Virginia Commonwealth University in Qatar Assistant Professors Liam Colquhoun and Matthew Holmes-Dallimore present their research on Kiosk Culture.
Funded by a VCUQatar Faculty Research Grant, ‘Retail Without Walls: Kiosk Culture’ will be hosted at Mathaf: Arab Museum of Modern Art from 1 to 11 April, 2012 with an opening reception on 1 April at 7:30 pm at Mathaf. The event is open to the public.
Retail is a massive sector within the commercial design industry; however despite the plethora of information concerning retail design in general, there is very little material about how designers typically approach small, ad-hoc retail opportunities like a kiosk. For Liam Colquhoun, assistant professor of Interior Design, VCUQatar and Matthew Holmes-Dallimore, assistant professor of Interior Design, VCUQatar, this was an invitation for further exploration.
“The Retail Without Walls: Kiosk Culture project came about as a direct result of our teaching a retail design studio together every year for the past eight years. We found that having students design a mobile kiosk was a good introductory project for the class, forcing them to consider some of the core considerations of retail design, such as identity and functionality, but at a fairly compact, manageable scale,” explained Liam Colquhoun.

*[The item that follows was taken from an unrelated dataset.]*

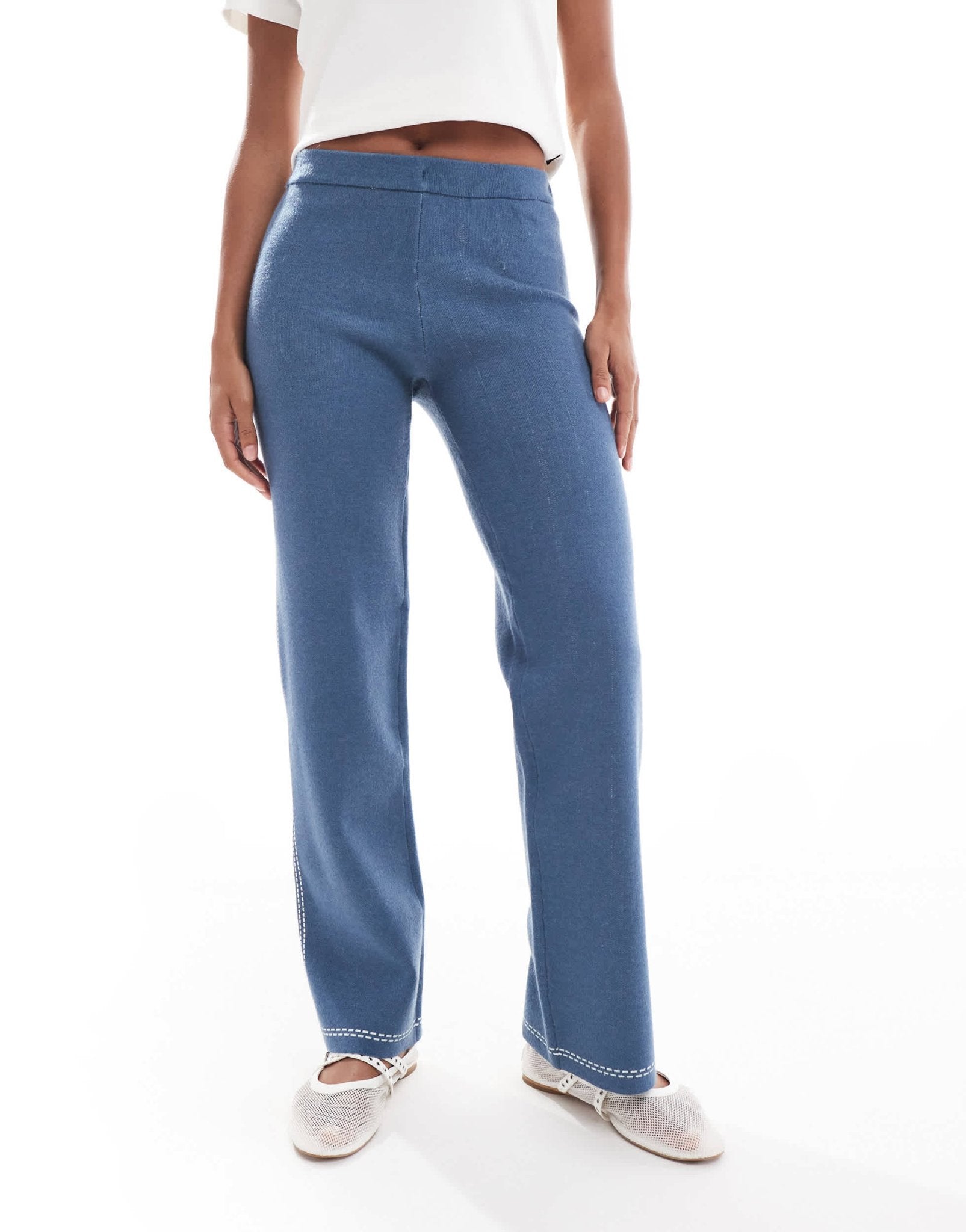 Object knitted trouser co - ord in blue - ASOS Sample Sale EU Store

In an effort to provide some supporting information for VCUQatar students, Colquhoun and Holmes-Dallimore began to collect their own data about how people design environments that support a simple transaction, which raised questions that had not previous been considered about exactly what makes a kiosk successful.
Subsequent research asked the question: ‘What are the core properties common to impromptu retail opportunities in different cultures and how might they be used to inform contemporary retail kiosk design?’
A series of grants paid for research trips to Dubai, Boston, Marrakech, Mumbai and Istanbul, allowed Colquhoun and Holmes-Dallimore to look closely at how these structures varied and shared some common characteristics. These observations, in turn, informed new kiosk design projects undertaken in the retail design studio that started the whole process. Their efforts to make steps in this direction are not intended to be a definitive checklist of ‘what makes a good stall or kiosk’, but rather an opening comment in what they hope will become a fertile discourse among retail designers and other interested parties.
“This presentation will be the culmination of eighteen months work to date, but we have plans to continue the research further, perhaps exploring the phenomenon of un-manned kiosks, and how identity plays a larger role in the design of western kiosks. The dissemination of this work so far will be presented at Mathaf: Arab Museum of Modern Art, where we will present our research in various media. We are pleased to present our research and findings in such a prestigious venue,” stated Holmes-Dallimore.
“Mathaf is excited to continue its support of community projects and arts education with this unique event. By providing a venue for VCUQatar to share and discuss design research, the museum acts as a platform for thoughtful engagement around design,” said Michelle Dezember, Mathaf head of Education.
‘Retail Without Walls: Kiosk Culture’ is hosted at Mathaf from 1 to 11 April 2012. Admittance is free with the entrance to Mathaf. Attendance at the opening reception on 1 April at 7:30 pm is free. Entrance is free at all times for students with valid ID and children under the age of sixteen.